*The data*:
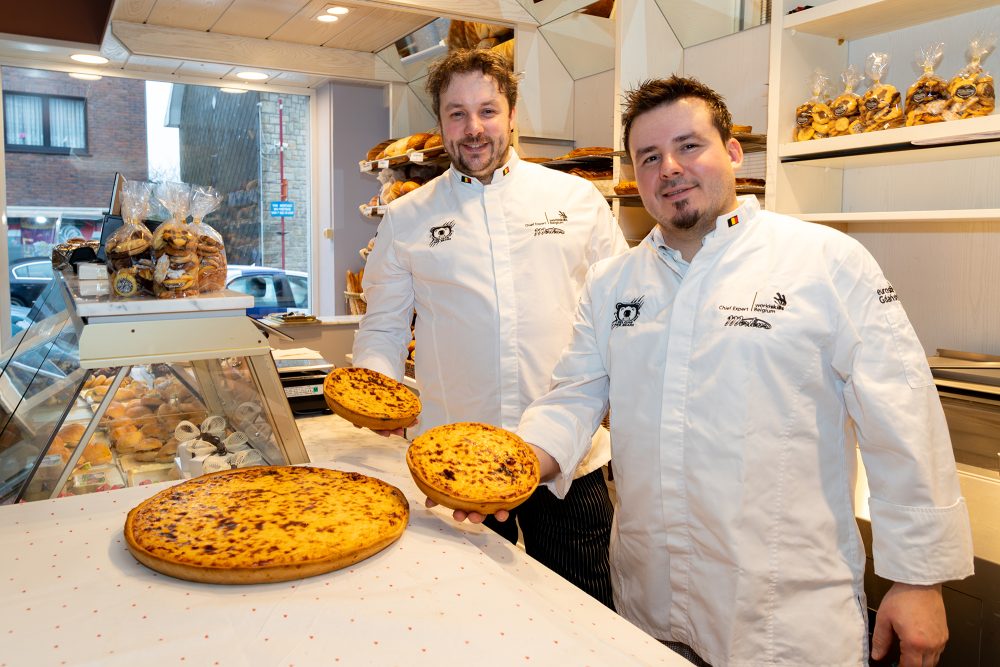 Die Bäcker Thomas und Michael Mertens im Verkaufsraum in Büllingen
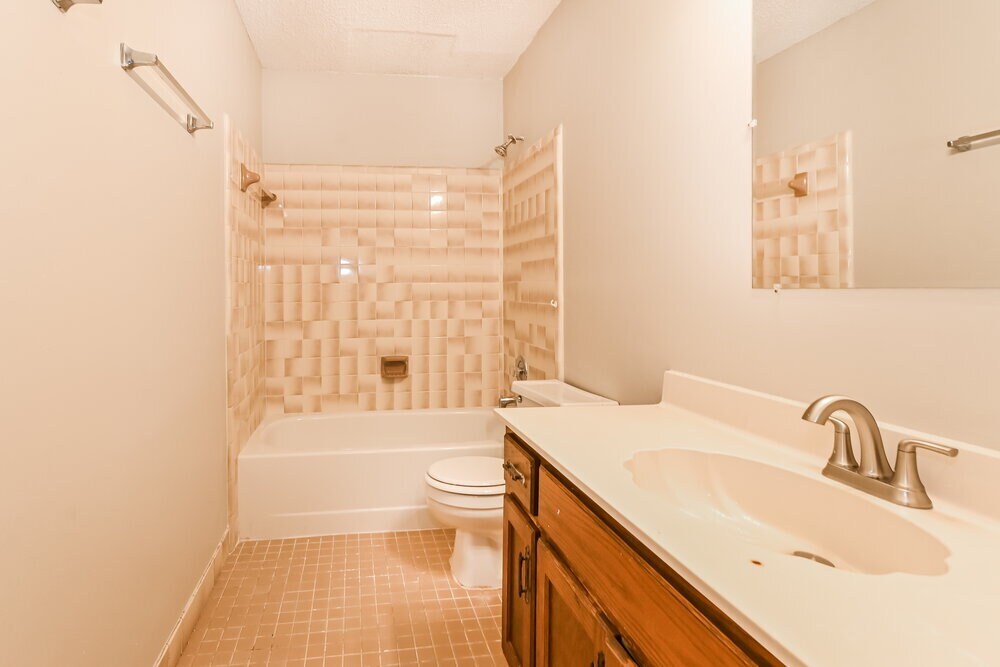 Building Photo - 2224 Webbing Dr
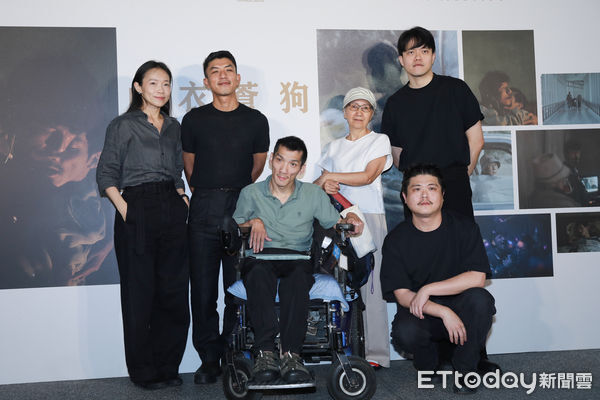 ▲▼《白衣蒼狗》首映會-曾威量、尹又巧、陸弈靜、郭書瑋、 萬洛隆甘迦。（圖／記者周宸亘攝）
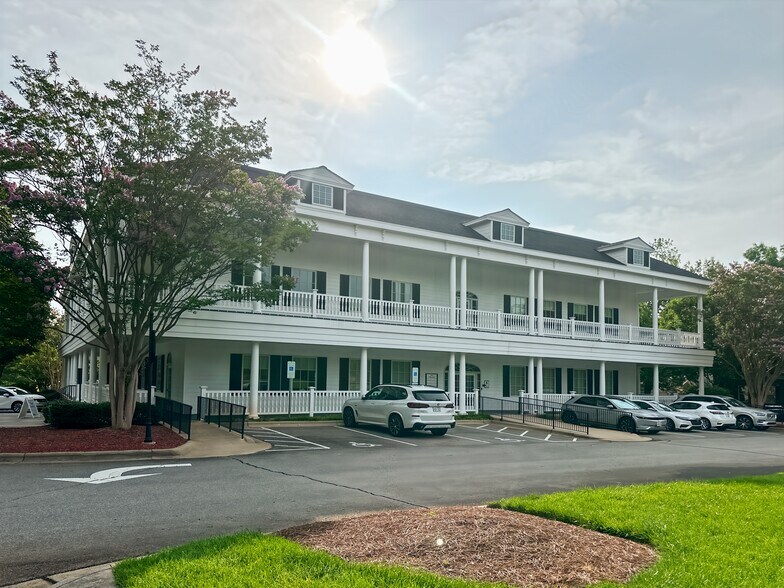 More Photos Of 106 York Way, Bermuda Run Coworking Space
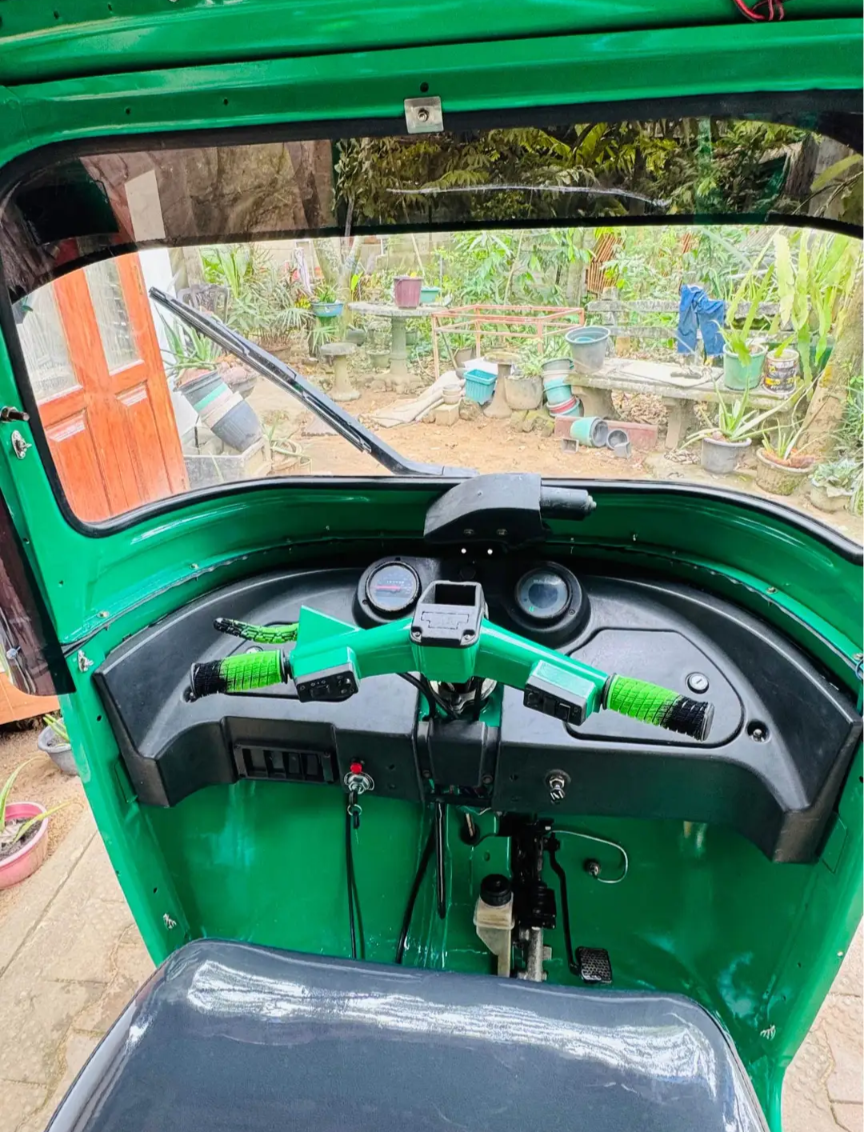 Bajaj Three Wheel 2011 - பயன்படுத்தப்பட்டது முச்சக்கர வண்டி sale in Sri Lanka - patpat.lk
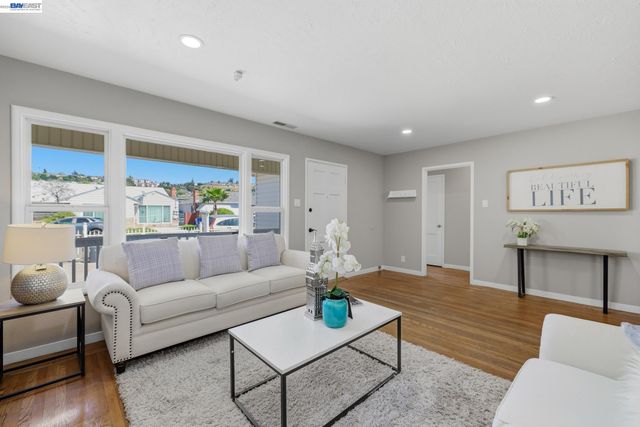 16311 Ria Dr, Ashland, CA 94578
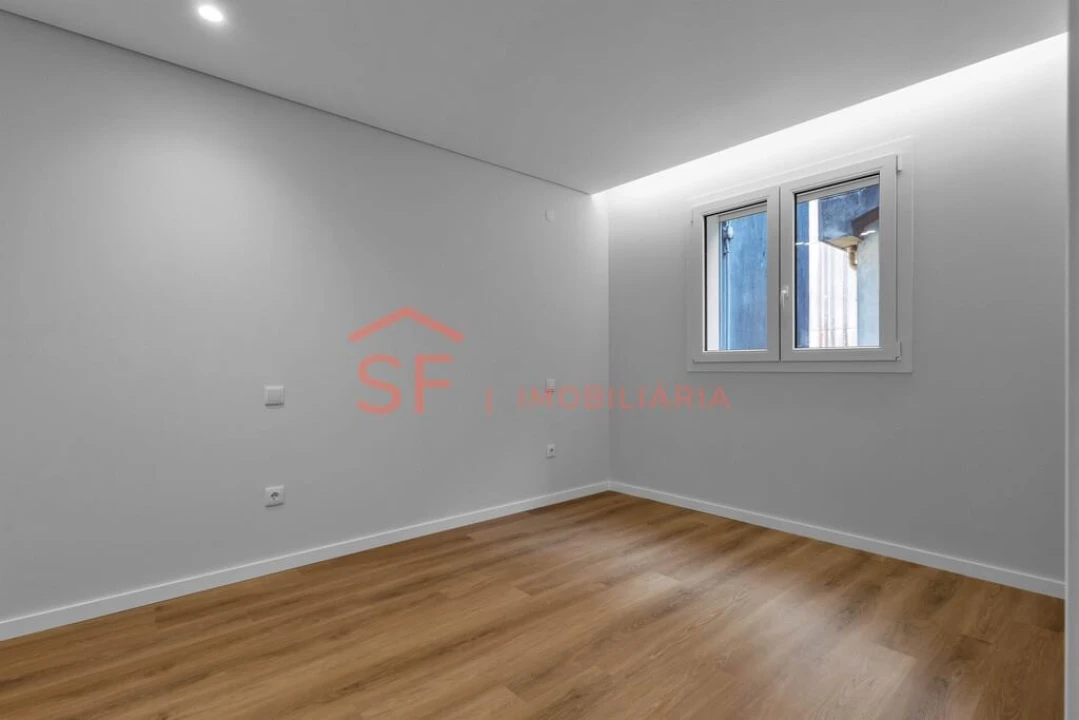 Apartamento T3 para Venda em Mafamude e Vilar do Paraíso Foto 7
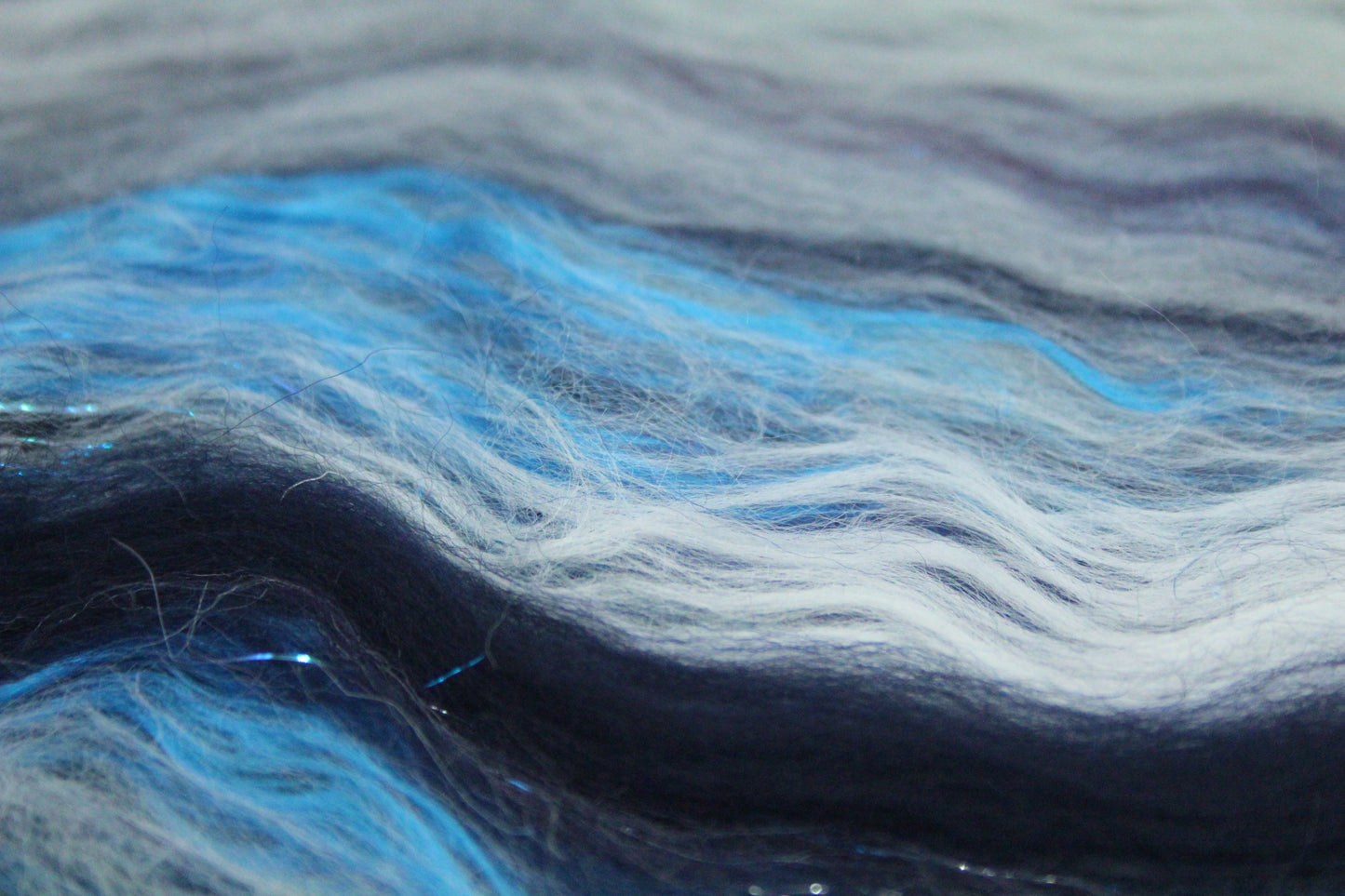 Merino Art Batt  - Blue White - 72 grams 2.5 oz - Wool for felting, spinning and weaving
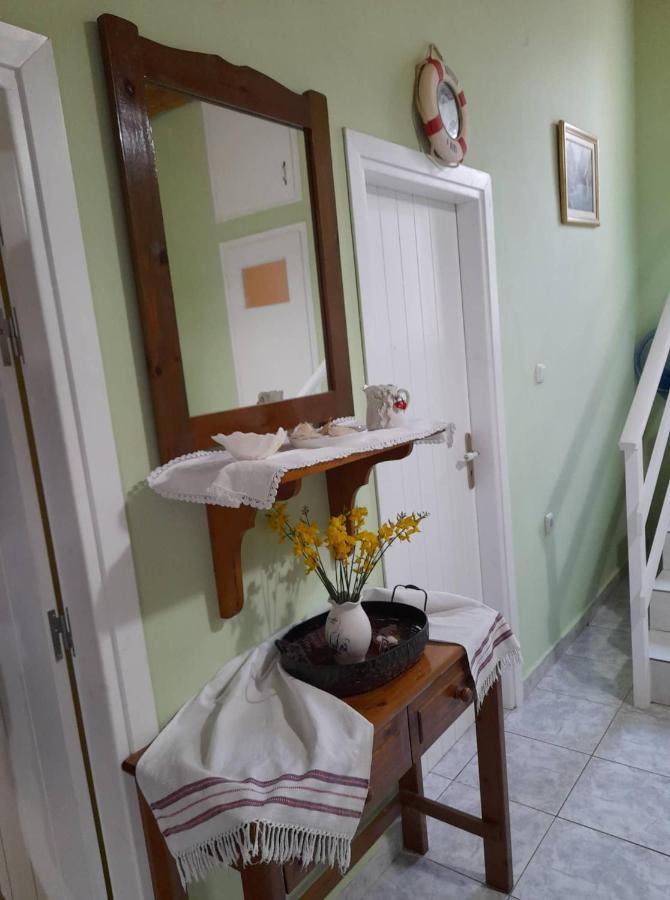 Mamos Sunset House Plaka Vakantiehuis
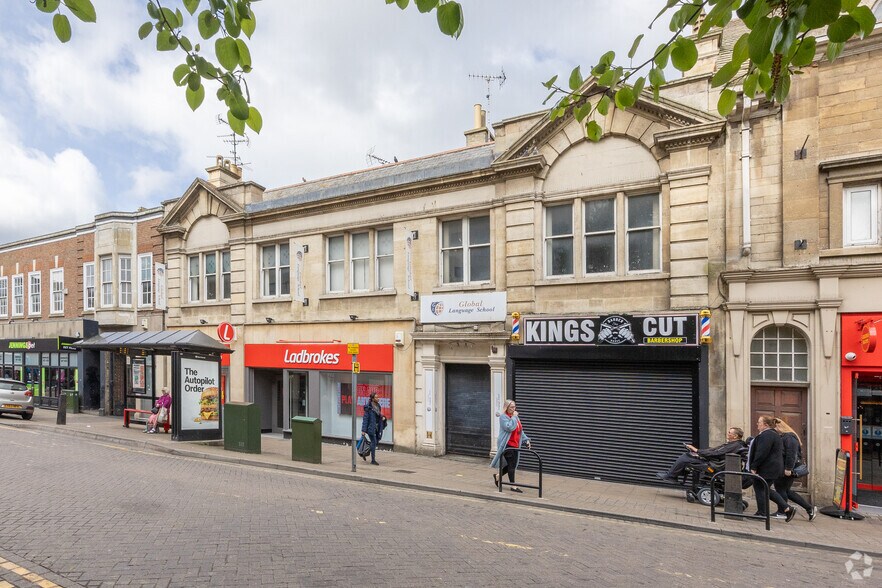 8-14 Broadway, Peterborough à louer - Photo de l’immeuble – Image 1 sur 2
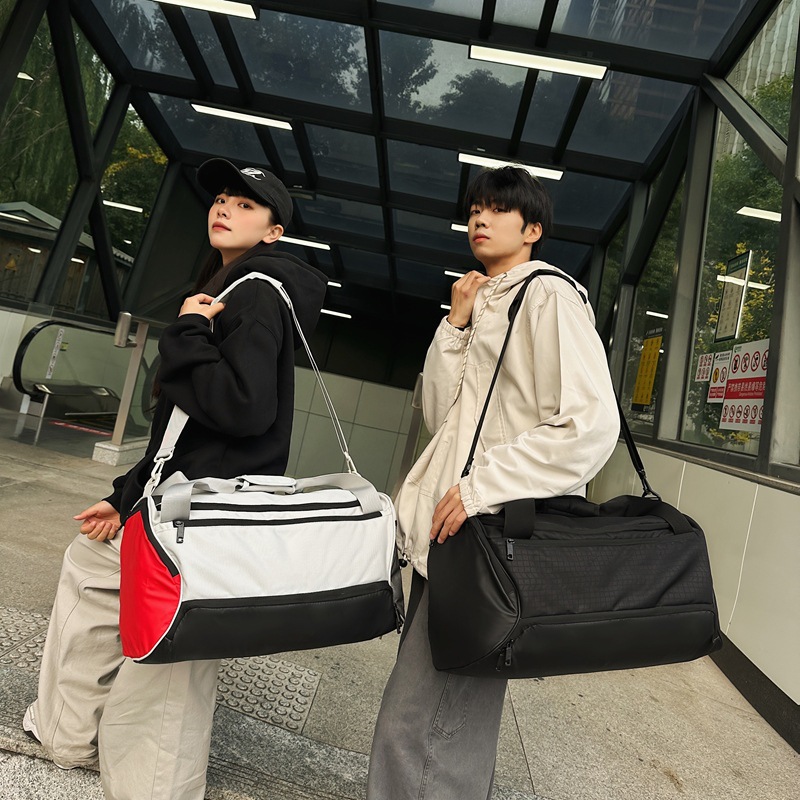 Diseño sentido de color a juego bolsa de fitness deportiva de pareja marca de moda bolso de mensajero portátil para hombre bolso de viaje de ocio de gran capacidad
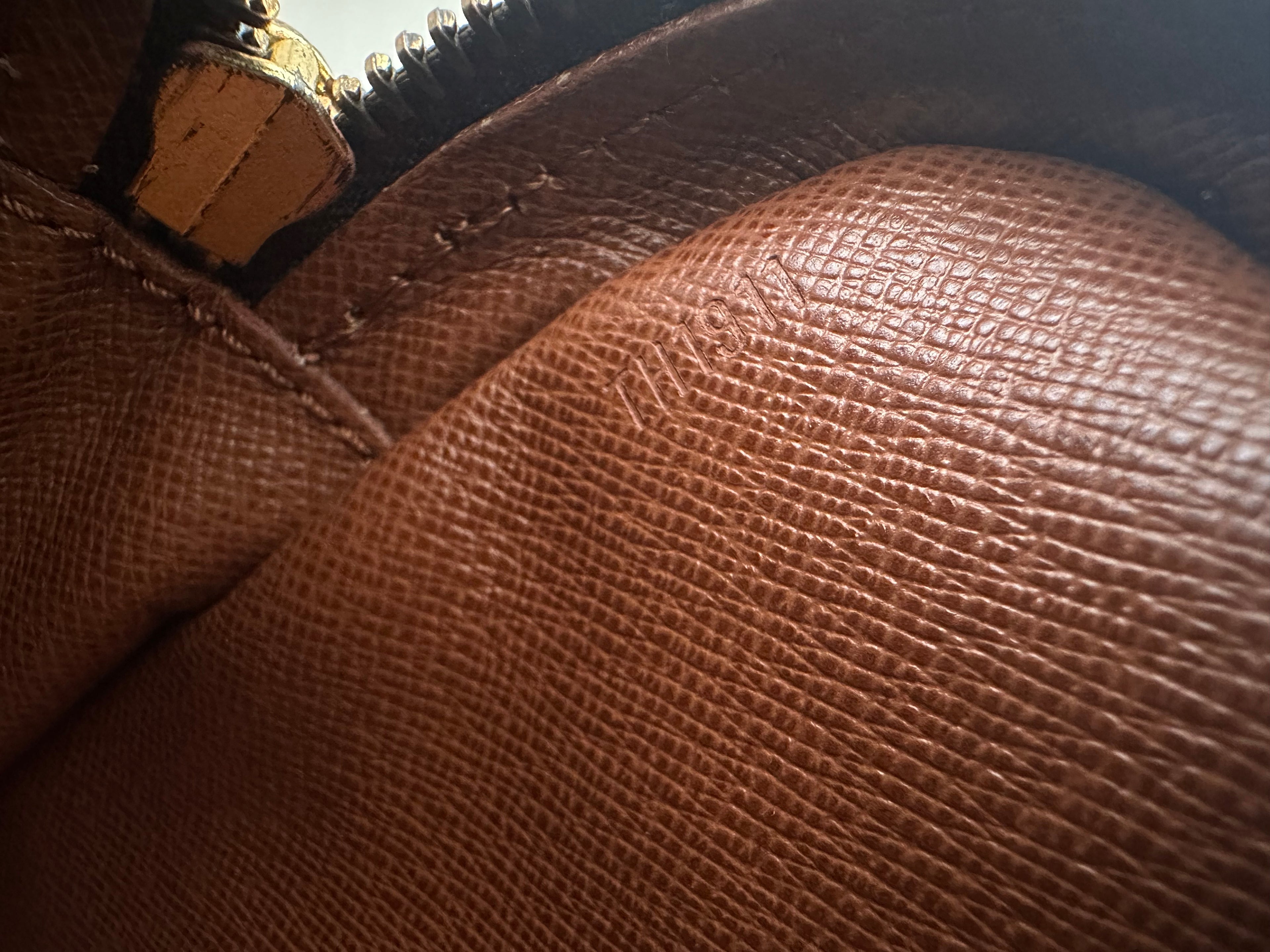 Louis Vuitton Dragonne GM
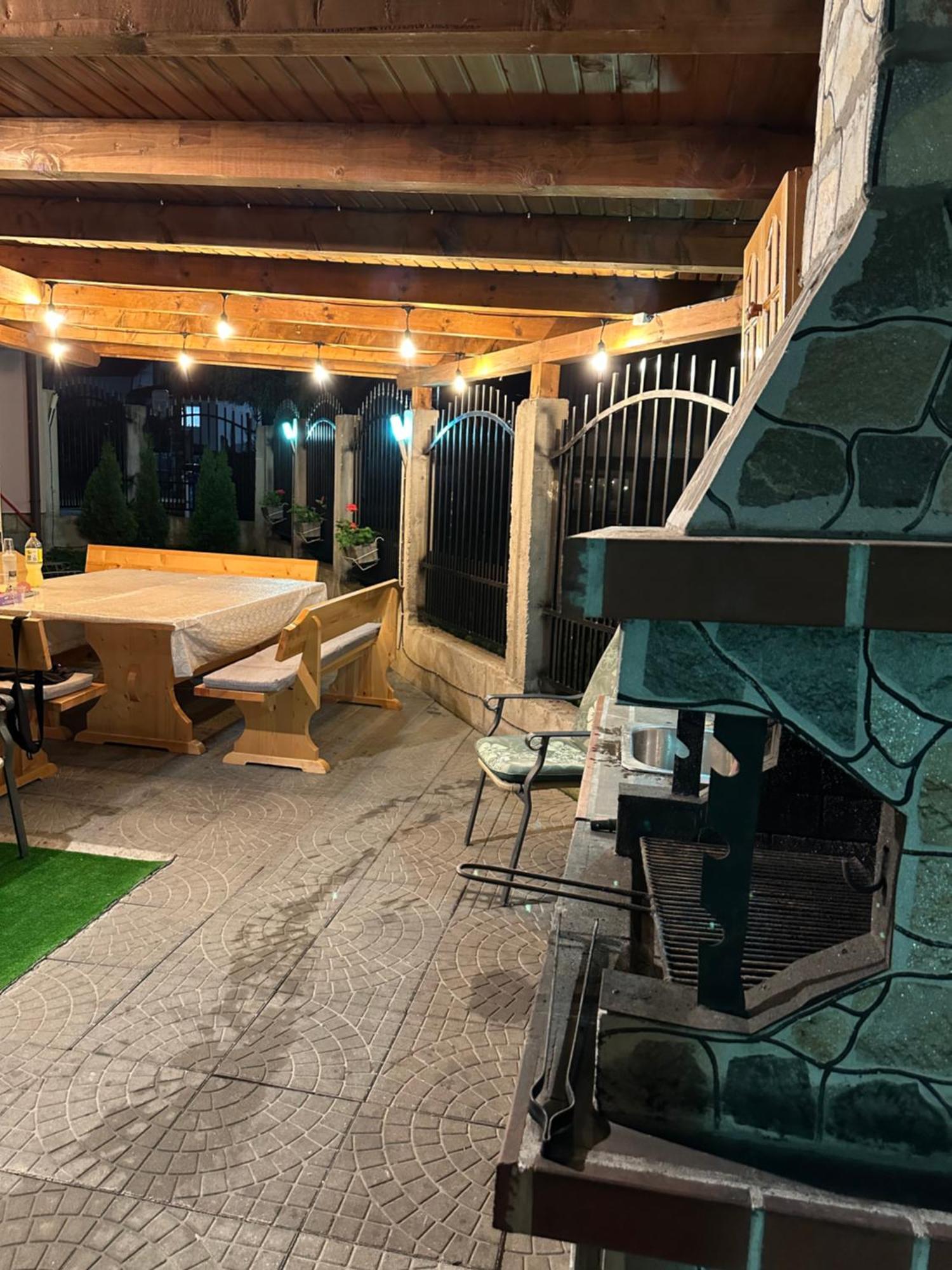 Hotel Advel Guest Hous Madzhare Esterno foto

*What you should do*:
Your answer should hold only the lines from the one with "More Photos Of" through the final line of the listing above, transcribed exactly and without pictures.

*Problem solution*:
 More Photos Of 106 York Way, Bermuda Run Coworking Space
 Bajaj Three Wheel 2011 - பயன்படுத்தப்பட்டது முச்சக்கர வண்டி sale in Sri Lanka - patpat.lk
 16311 Ria Dr, Ashland, CA 94578
 Apartamento T3 para Venda em Mafamude e Vilar do Paraíso Foto 7
 Merino Art Batt  - Blue White - 72 grams 2.5 oz - Wool for felting, spinning and weaving
 Mamos Sunset House Plaka Vakantiehuis
 8-14 Broadway, Peterborough à louer - Photo de l’immeuble – Image 1 sur 2
 Diseño sentido de color a juego bolsa de fitness deportiva de pareja marca de moda bolso de mensajero portátil para hombre bolso de viaje de ocio de gran capacidad
 Louis Vuitton Dragonne GM
 Hotel Advel Guest Hous Madzhare Esterno foto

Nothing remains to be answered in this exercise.